MAYSA DERYAYEVA
2021’in bir önceki yıl gibi toplantı ve gösteri yapma özgürlüğü açısından kısıtlama ve ihlallerin kural, özgürlüklerin kullanımının ise istisna olduğu bir yıl olduğunu belirten Demir, “İfade özgürlüğünün korunması ve etkin kullanımı, demokratik bir toplumun can damarlarından birini oluşturur. Farklı fikir ve görüşlerin kamusal alanda özgürce dolaşıma girmesi; siyasal çoğulculuğun esası olan özgür tartışma ortamının, bağımsız medya ve canlı bir sivil toplumun varlığı; toplumsal talepler etrafında kamuoyu oluşturulabilmesi, siyasal karar alıcılara yönelik eleştirilerin dillendirilmesi ve kamu gücünü kullanan makamların yurttaşlar tarafından denetlenebilmesi ancak ifade özgürlüğünün korunduğu ve etkin biçimde kullanıldığı koşullarda mümkün olabilir. Oysa OHAL ilanıyla birlikte siyasal iktidarın düşünce ve ifade özgürlüğüne yönelik kısıtlamaları, özellikle de basın üzerindeki kaygı verici boyutta artan baskı ve kontrolü 2021 yılında da sürmüştür” şekillinde konuştu.

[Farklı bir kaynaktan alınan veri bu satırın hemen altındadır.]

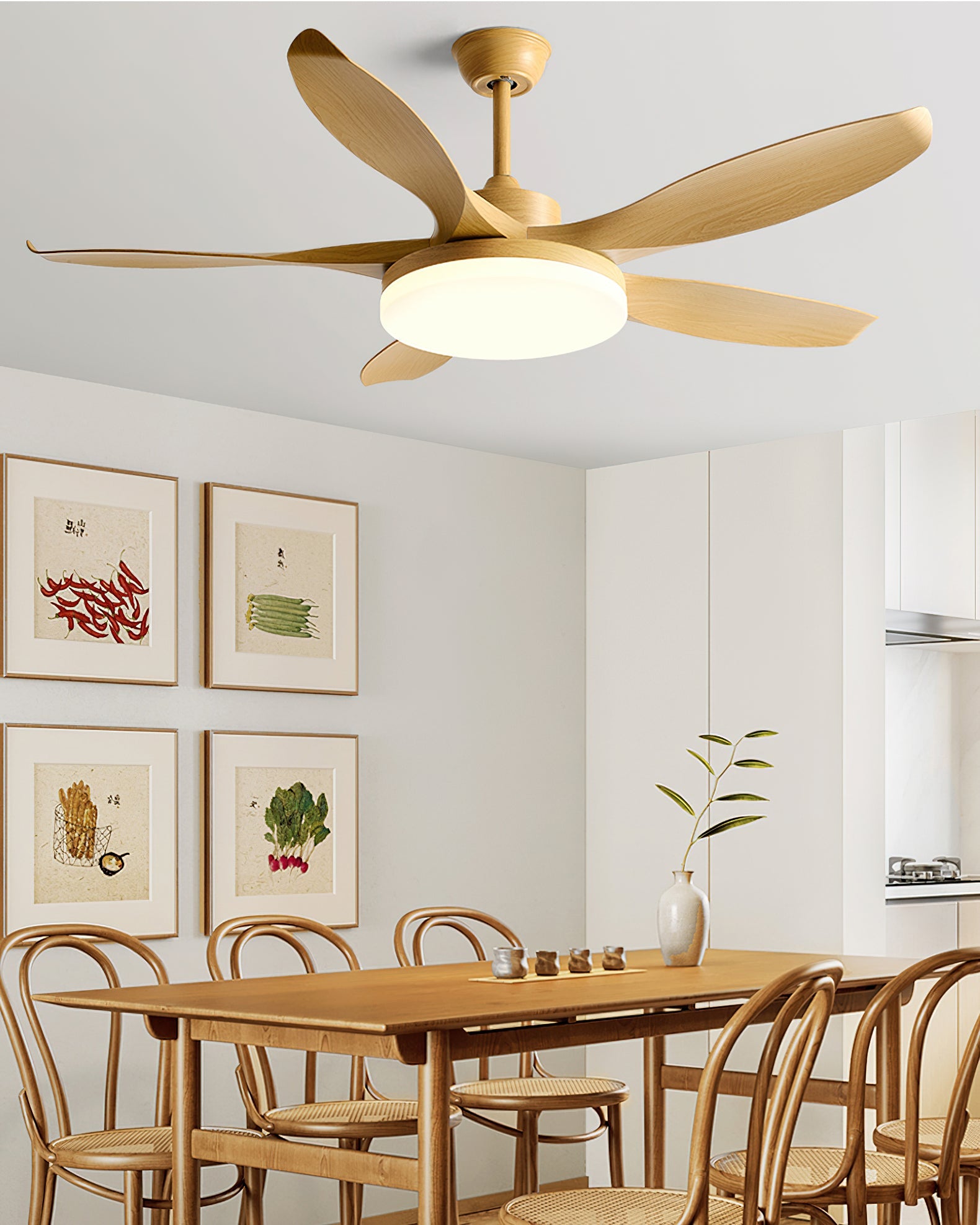 Splenda Modern ABS Ceiling Fan Light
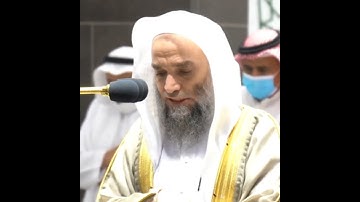 تلاوة مرئية سورة محمد الشيخ فيصل غزاوي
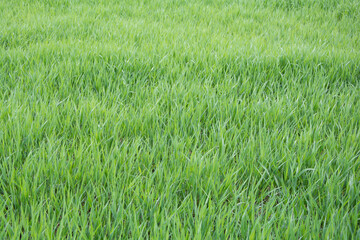 natural green grass foliage background or texture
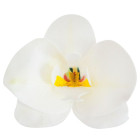 Orchidea BIANCA - fiore in Ostia - per decorazioni torte e dolci - Ø7,5cm - 1 pezzo
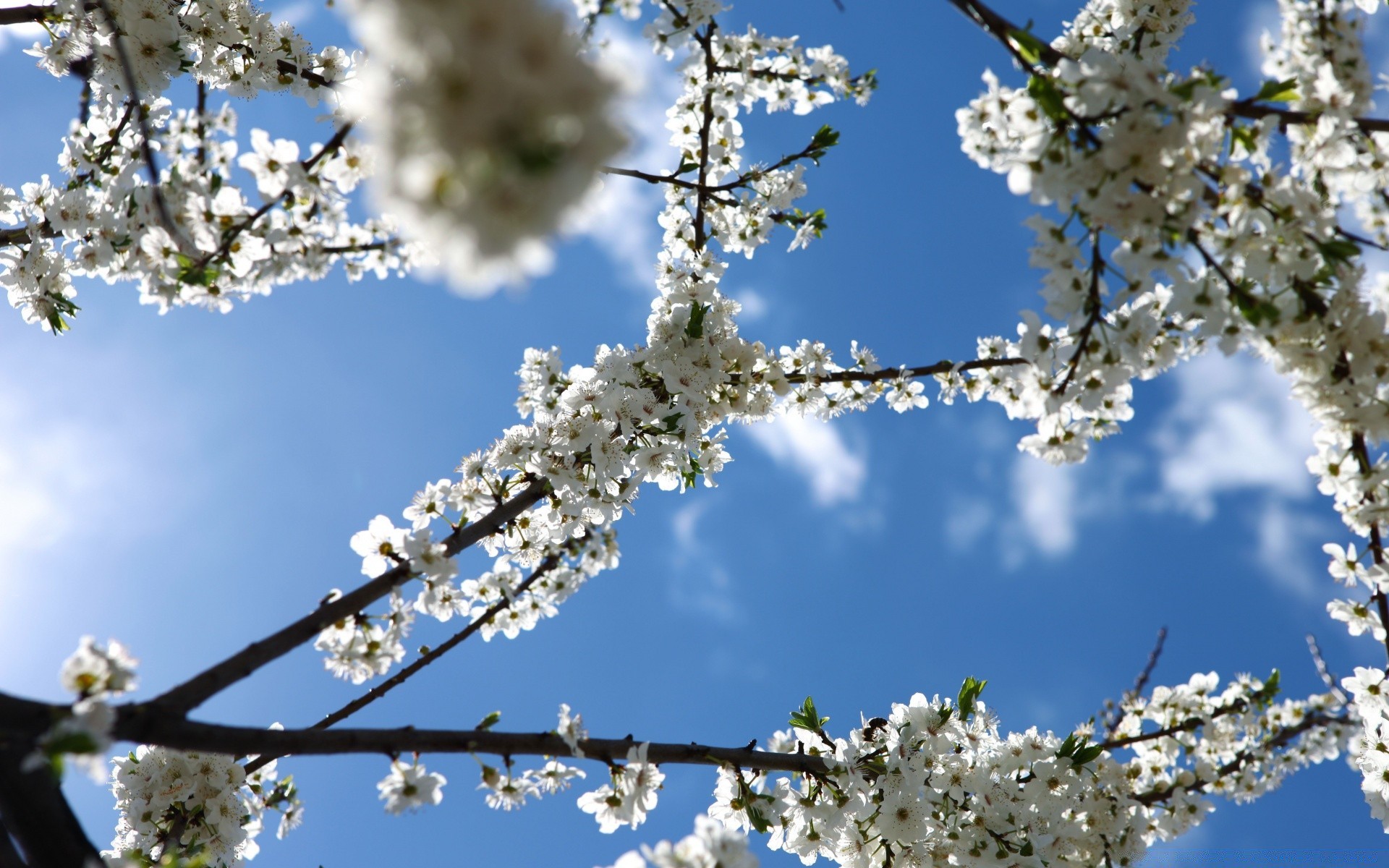 spring cherry tree branch flower apple season bud plum apricot nature springtime blooming flora fruit tree petal sunny bright outdoors blue sky almond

“KÜRT SORUNU BARIŞÇIL ÇÖZÜLMELİ”
Kürt sorununun Türkiye’nin demokratikleşmesinin önündeki en temel engellerden bir olarak varlığını koruduğunu belirten Demir, “Sorunun barışçıl, demokratik ve adil çözümüne yönelik esas olarak iktidar tarafından içtenlikli, bütünlüklü adımların atılmaması, yanı sıra Ortadoğu’daki gelişmelerin de etkisi ile 7 Haziran 2015 Genel Seçimlerinin hemen ardından başlayan silahlı çatışma ortamı halen sürmekte ve başta yaşam hakkı olmak üzere ağır ve ciddi insan hakları ihlallerine yol açmaktadır. Özellikle son genel seçimlerde 6,5 milyon yurttaşın oyunu almış olan HDP’nin kapatılması girişimi, başta Kürtler olmak üzere Türkiye toplumunun önemli bir bölümünü katılım ve temsil mekanizmalarının dışına itecek, siyasal hakları kullanma imkanından yoksun bırakacaktır. Bu durum toplumsal barışa ve bir arada yaşama iradesine büyük zararlar verecek olması bakımından son derece kaygı verici bir gelişmedir. Hak savunucuları olarak bizler, Kürt sorununun her zaman demokratik, barışçıl ve adil çözümünü savunduk. Bunda ısrarlıyız. O nedenle, çatışmaların hemen şimdi durmasını istiyoruz. Çatışmasızlık ortamının tesisi ile birlikte çatışmasızlık halinin yaşanan olumsuzluklardan da hareketle tahkim edilmiş bir hale getirilerek güçlendirilmesi, izlenmesi ve toplumsal barışın sağlanabilmesi için tüm tarafların içtenlikli, etkin programlar geliştirmesi gerekmektedir” dedi.
“KADINA YÖNELİK ŞİDDET ARTTI”
Uluslararası sözleşme olan İstanbul Sözleşmesinden bir gecede çıkıldığını dikkat çeken Demir, “2021 yılında kadına yönelik erkek şiddetinde maalesef bir gerileme, olumlu denebilecek bir gelişme yaşanmadı. Yılın ilk on bir ayında yüzlerce kadın erkekler tarafından öldürüldü. Hal böyleyken kadına yönelik şiddet ve ev içi şiddeti ayrıntılı bir şekilde tanımlayan ve bir suç olarak kabul edilmesini sağlayan, böylelikle şiddet olgusunun ortadan kaldırılmasında geniş imkânlar sağlayan en kapsamlı uluslararası sözleşme olan İstanbul Sözleşmesinden bir gecede çıkıldı. Üstelik çok kısa bir süre önce şatafatlı sunumlar ile insan hakları konusunda bir eylem planı ilan edilmiş olmasına rağmen. Bu planın aslında ne anlama geldiğini İstanbul Sözleşmesi’nden çekilme kararını protesto eden kadınlar ve LGBTİ+’lara kolluk güçlerinin evrensel hukukta ve ülke yasalarında tanımlanan zor kullanma yetkisinin çok ötesine geçen kural dışı ve denetimsiz şiddet uygulayarak müdahale etmeleriyle anlamış olduk” ifadelerini kullandı.